======== Records for the task ========
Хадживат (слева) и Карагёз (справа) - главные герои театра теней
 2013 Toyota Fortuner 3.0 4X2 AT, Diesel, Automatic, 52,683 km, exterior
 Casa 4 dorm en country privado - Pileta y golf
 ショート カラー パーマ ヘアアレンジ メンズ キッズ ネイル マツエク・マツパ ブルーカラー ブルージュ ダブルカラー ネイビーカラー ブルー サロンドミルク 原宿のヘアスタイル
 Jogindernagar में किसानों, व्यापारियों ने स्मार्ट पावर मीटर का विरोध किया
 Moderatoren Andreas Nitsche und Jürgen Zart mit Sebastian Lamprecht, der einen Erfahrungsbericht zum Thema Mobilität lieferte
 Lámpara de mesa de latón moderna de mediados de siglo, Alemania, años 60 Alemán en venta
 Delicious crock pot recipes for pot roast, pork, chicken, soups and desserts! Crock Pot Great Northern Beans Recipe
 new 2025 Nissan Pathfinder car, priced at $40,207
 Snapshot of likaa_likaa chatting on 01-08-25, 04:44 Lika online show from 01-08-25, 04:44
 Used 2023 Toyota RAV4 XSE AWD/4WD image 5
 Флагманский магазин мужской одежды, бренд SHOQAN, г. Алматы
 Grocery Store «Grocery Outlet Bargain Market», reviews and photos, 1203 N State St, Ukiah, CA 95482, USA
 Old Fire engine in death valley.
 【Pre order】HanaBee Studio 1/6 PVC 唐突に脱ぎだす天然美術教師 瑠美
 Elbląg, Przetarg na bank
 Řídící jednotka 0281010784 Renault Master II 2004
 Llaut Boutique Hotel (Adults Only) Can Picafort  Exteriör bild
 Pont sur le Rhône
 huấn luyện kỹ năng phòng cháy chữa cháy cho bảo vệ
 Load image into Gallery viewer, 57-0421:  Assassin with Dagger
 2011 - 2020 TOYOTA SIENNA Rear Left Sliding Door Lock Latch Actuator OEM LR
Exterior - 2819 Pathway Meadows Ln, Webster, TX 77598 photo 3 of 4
========
> Exercise requirements: Say how many lines of the data above include the word "image", and add nothing further.

> Exercise response: 2